The well-publicized aging of the Baby Boomer generation threatens to
place considerable stress on our state's long-term care system, specifically,
the publicly financed Medicaid program. The
state must fortify itself on impending need for long-term care services by
ensuring that citizens who have the means to finance a portion or all of their
long-term care services also possess the tools to do so.
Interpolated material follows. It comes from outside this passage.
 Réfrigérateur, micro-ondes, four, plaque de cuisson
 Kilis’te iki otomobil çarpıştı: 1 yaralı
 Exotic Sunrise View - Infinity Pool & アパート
It will take time and education to bring about this change.
Nationally
and locally, it has become recognized that changes must occur in the current
Medicaid funding paradigm to:
a)
keep Medicaid solvent and reduce the cost burden to states; and,
b)
insure adequate funds are available to assist those with few resources
and limited incomes by either pre-funding Medicaid, fully funding Medicaid,
utilization of ones resources prior to accessing Medicaid, or posthumous
financing through estate recovery.
Pre-funding
and fully funding Medicaid are the purview of the federal government and are not
being considered. Therefore changes
in the funding paradigm must focus on how to:
A.
Re-direct personal assets in estate planning to support long-term care,
and
B.
Enhance estate asset recovery programs as a disincentive to asset
transfer.
Our state should consider embarking on a new mission that is proactive by encouraging those who are soon-to-age or at risk for disability to focus on preparations for their needs. This preparation includes the state's critical involvement in identifying, characterizing, and educating the citizenry about the various private financing models available in the marketplace. Perhaps, most importantly, the individual autonomy promoted by private financing mechanisms is the ultimate expression of self-direction.